Bez napletka przyjemniej i bezpieczniej
Bez napletka przyjemniej i bezpieczniej
Obrzezani mężczyźni czerpią większą przyjemność z seksu. Są także mniej narażeni na zakażenie się wirusem HIV.
Prowadzona o kilku lat kampania zachęcająca mężczyzn, by poddali się zabiegowi usunięcia napletka przynosi wymierne skutki. Np. w jednym z południowoafrykańskich miast wskaźnik nowych zakażeń wirusem HIV wśród mężczyzn spadł od momentu wykonania pierwszego obrzezania aż o 76 procent. Gdyby nie przeprowadzano zabiegów, odsetek zakażeń wśród całej populacji miasta (kobiety i mężczyźni liczeni razem) byłby o 58 proc. wyższy. W podobnym tonie komentowane są wyniki badań przeprowadzonych w Kenii czy Ugandzie.
W 2006 r. dowiedziono, że usunięcie napletka zmniejsza ryzyko zakażenia wirusem HIV o połowę. Długoletnie analizy wykazały, że korzyści z obrzezania są jeszcze większe, gdyż ryzyko zakażenia da się obniżyć aż o 60 proc.
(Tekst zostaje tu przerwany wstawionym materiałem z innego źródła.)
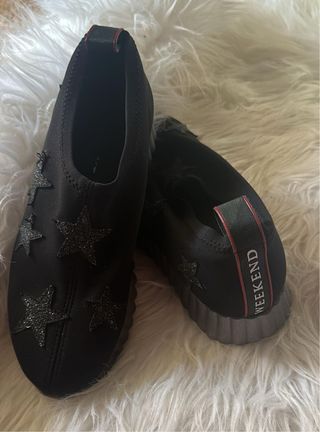 Zapatillas WEEKEND negras con estrellas plateadas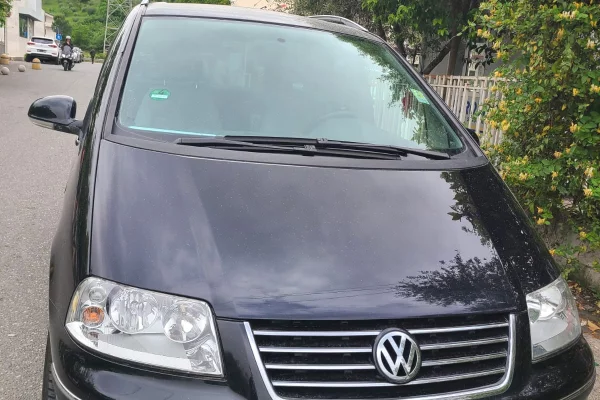 Makina ne shitje ne Tirane - 8,500 Euro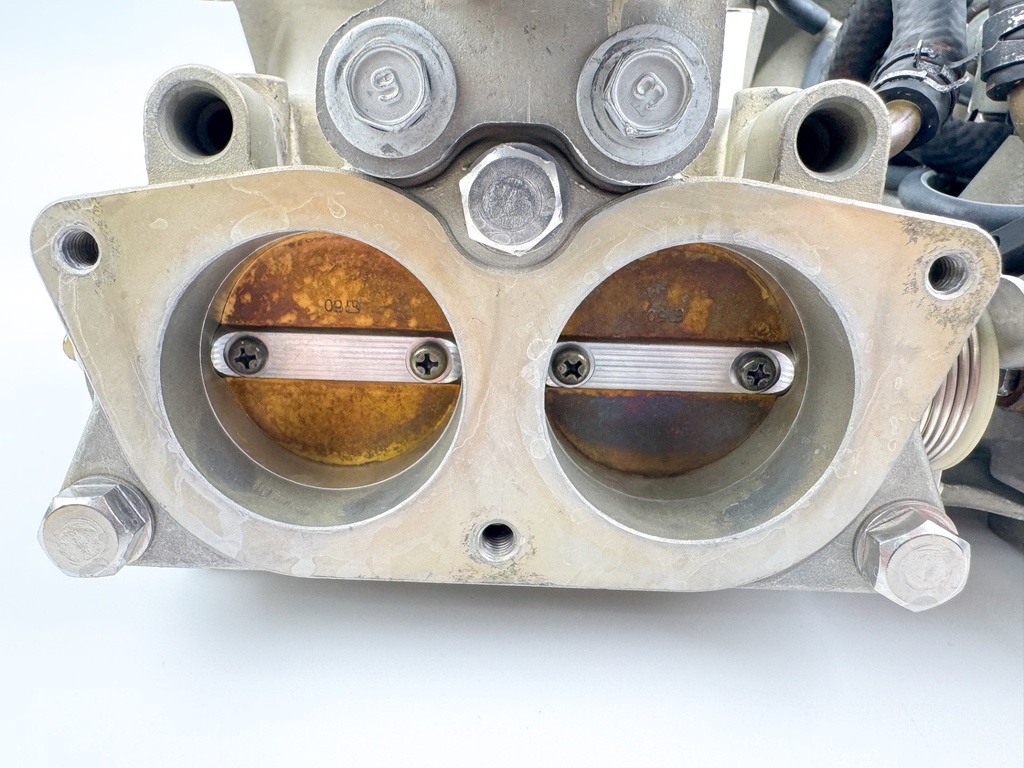 2004 Yamaha 115 HP 4 Stroke Intake Manifold & Throttle Body 68V-14200-03-00 Tested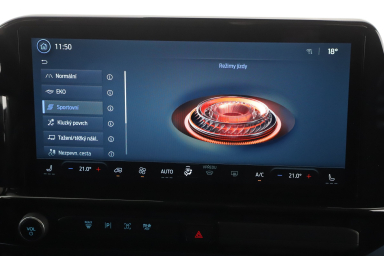 Ford Tourneo Custom - 2025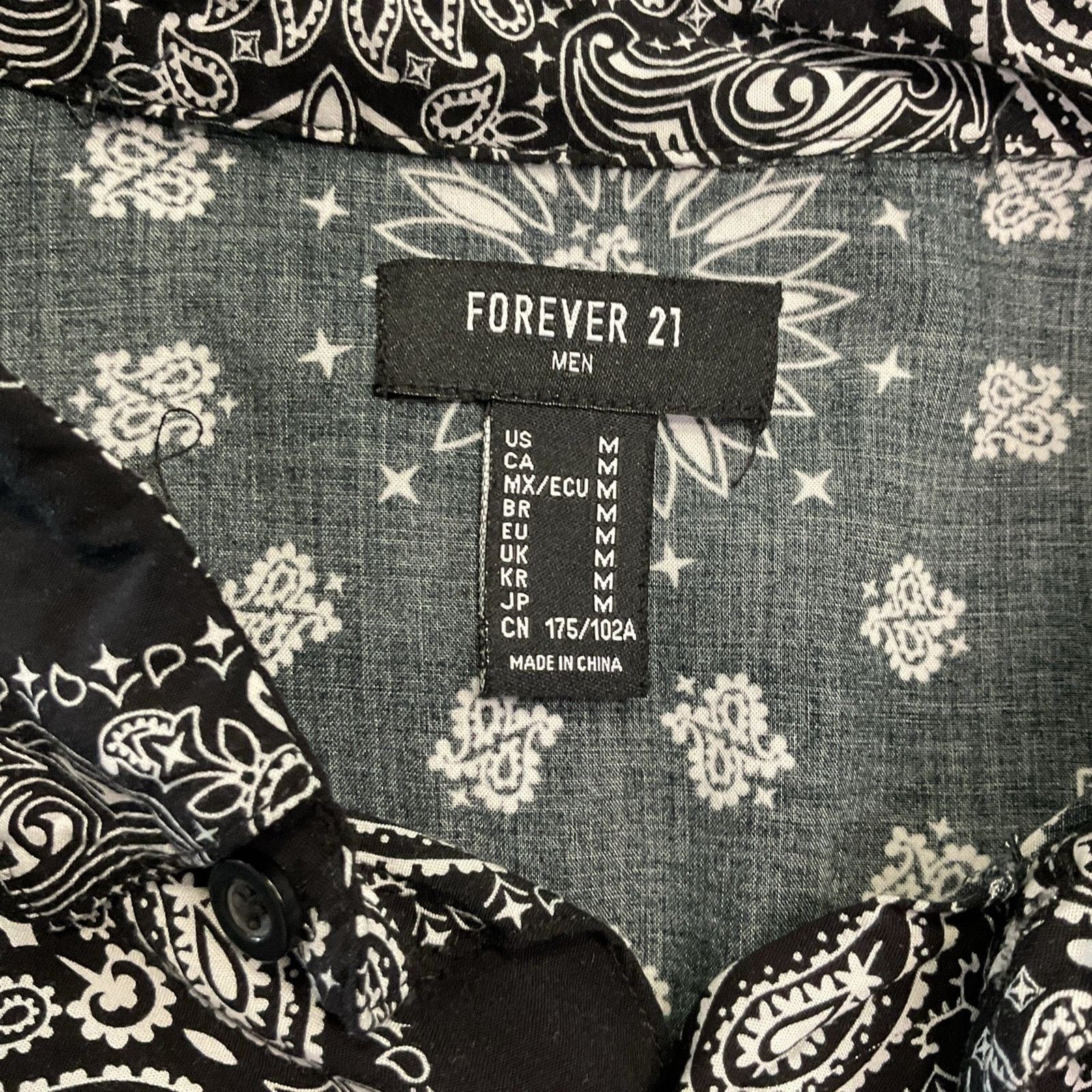 Forever 21 Forever 21 Bandana Print Button-Up Shirt Size US M / EU 48-50 / 2 - 3 Thumbnail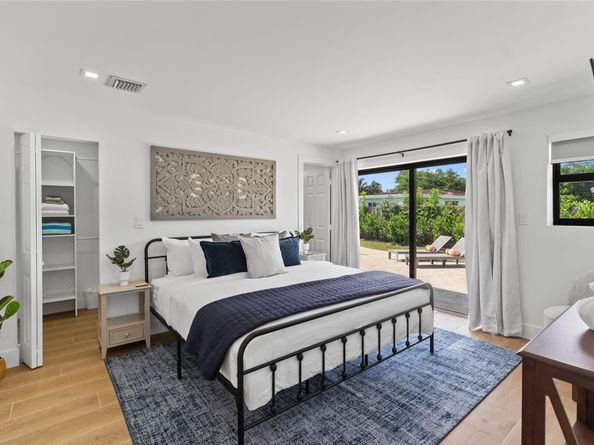 1561 SW 23rd Ave, Fort Lauderdale FL 33312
Nic dziwnego, że po tak optymistycznych prognozach, zdecydowano się na promocję obrzezania w 13 krajach Afryki Subsaharyjskiej, gdzie od lat notuje się najwięcej zakażeń wirusem HIV na kontynencie. Tymi krajami są: Botswana, Kenia, Lesotho, Malawi, Mozambik, Namibia, Rwanda, RPA, Suazi, Tanzania, Uganda, Zambia i Zimbabwe.
Zwolennicy obrzezania twierdzą, że tzw. „chirurgiczna szczepionka” – jak nazywają oni ten zabieg – jest zarówno tanim, jak i bardzo skutecznym sposobem zapobiegania rozprzestrzeniania się wirusa.
Jednym z powodów popularności obrzezań wśród mężczyzn jest fakt, że usunięcie napletka poprawia doznania erotyczne. By potwierdzić przekazywaną z ust do ust prawdę, naukowcy z ugandyjskiego Uniwersytetu w Makerere przeprowadzili sondaż wśród 316 mężczyzn, którzy poddali się zabiegowi.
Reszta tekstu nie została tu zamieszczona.